▸ **What is needed**
Return exactly the lines from the one containing "Plant Propagation Tubes, Single" through the last line of the records below, both included, and leave out any pictures.

==================================================

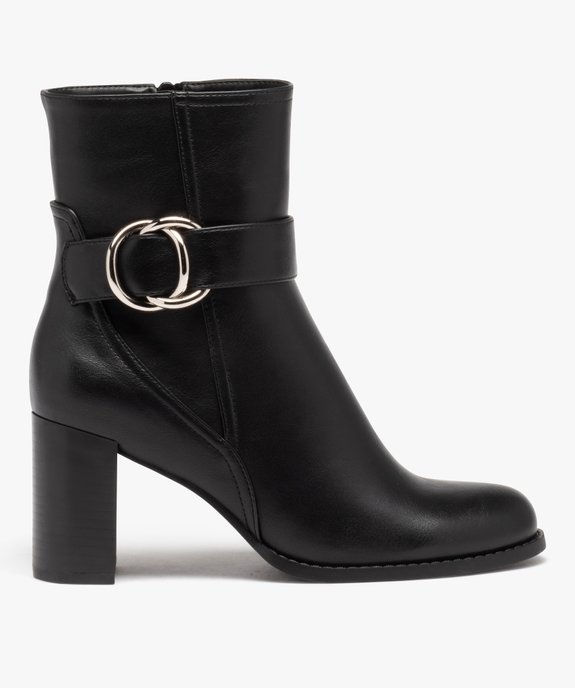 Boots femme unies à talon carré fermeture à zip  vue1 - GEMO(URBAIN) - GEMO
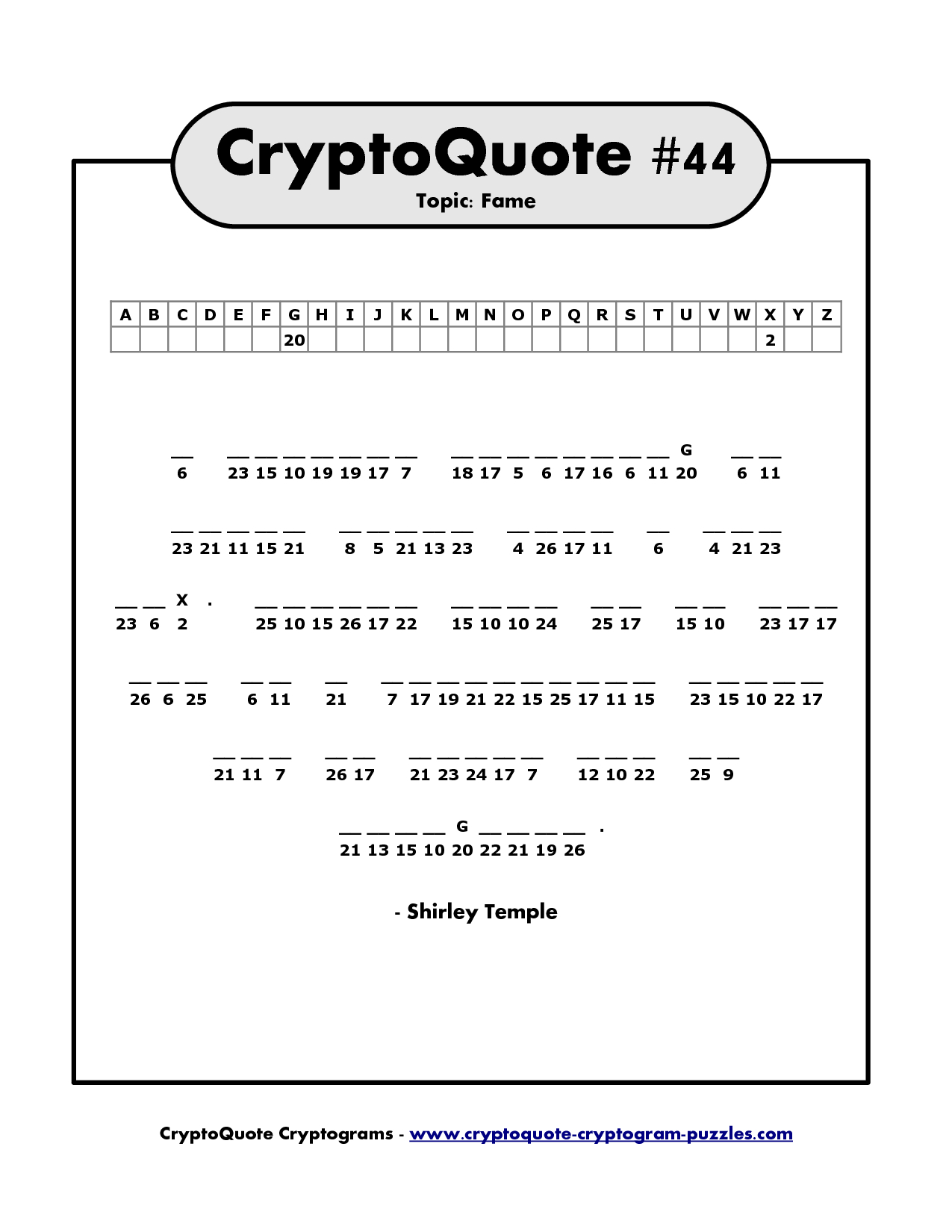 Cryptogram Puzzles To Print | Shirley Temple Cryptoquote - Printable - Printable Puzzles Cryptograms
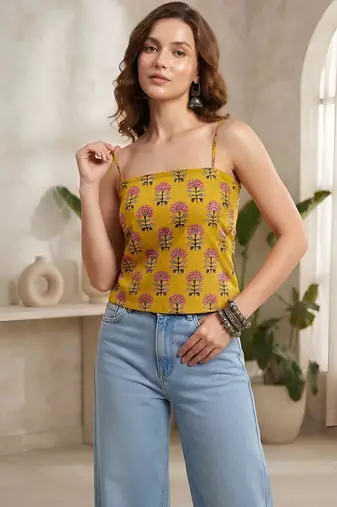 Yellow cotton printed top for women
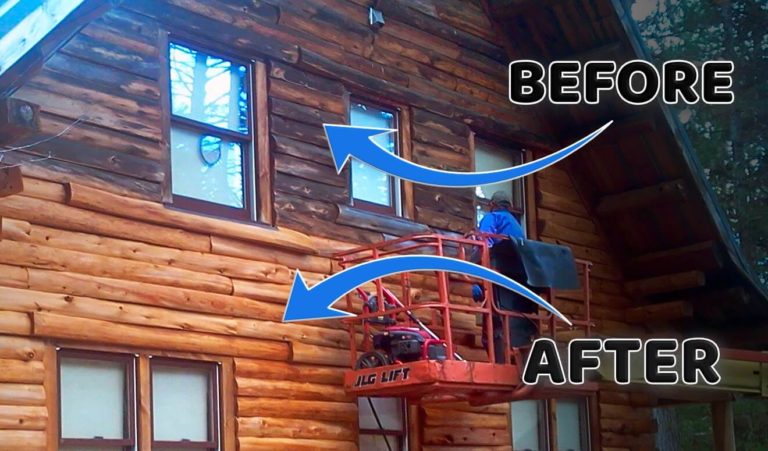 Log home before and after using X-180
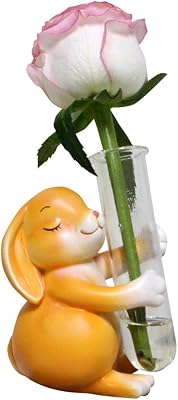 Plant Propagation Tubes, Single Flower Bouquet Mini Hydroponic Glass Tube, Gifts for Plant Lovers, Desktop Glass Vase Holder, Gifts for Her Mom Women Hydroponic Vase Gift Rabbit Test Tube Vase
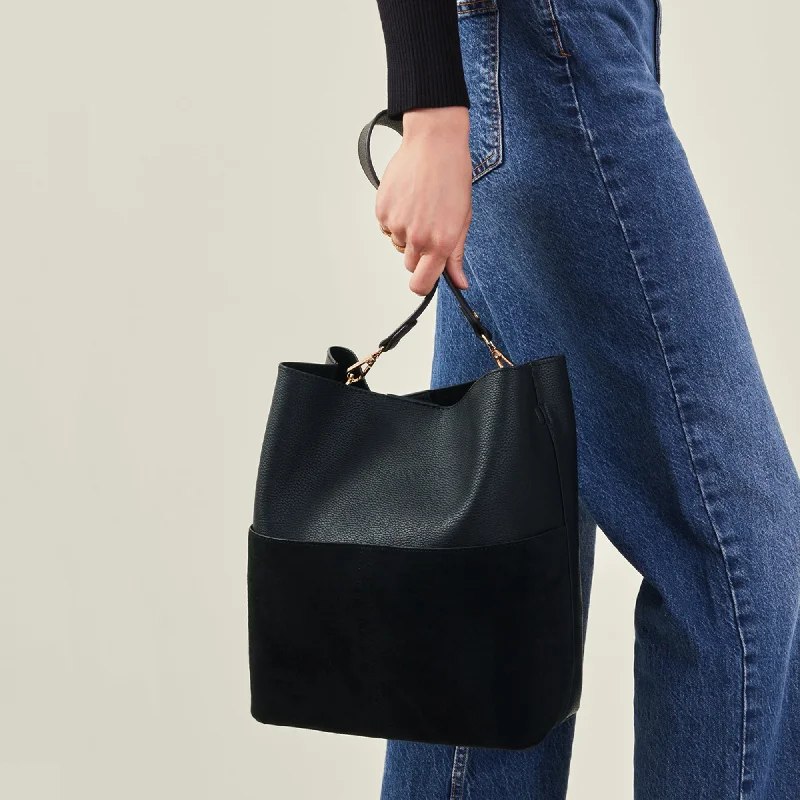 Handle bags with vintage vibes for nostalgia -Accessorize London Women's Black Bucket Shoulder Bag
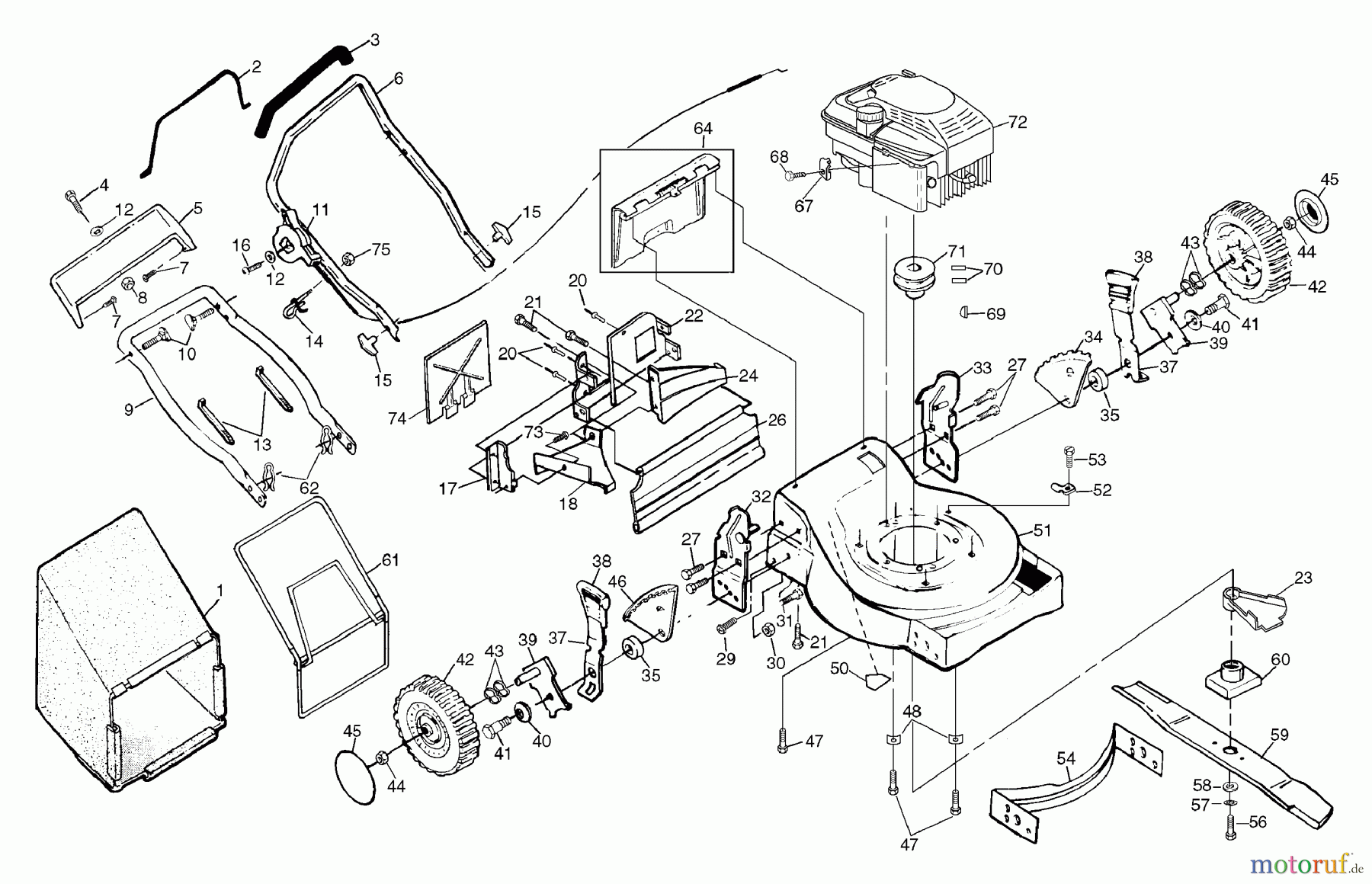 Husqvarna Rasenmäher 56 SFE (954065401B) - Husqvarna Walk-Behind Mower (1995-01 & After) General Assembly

==================================================

▸ **Task response**
 Plant Propagation Tubes, Single Flower Bouquet Mini Hydroponic Glass Tube, Gifts for Plant Lovers, Desktop Glass Vase Holder, Gifts for Her Mom Women Hydroponic Vase Gift Rabbit Test Tube Vase
 Handle bags with vintage vibes for nostalgia -Accessorize London Women's Black Bucket Shoulder Bag
 Husqvarna Rasenmäher 56 SFE (954065401B) - Husqvarna Walk-Behind Mower (1995-01 & After) General Assembly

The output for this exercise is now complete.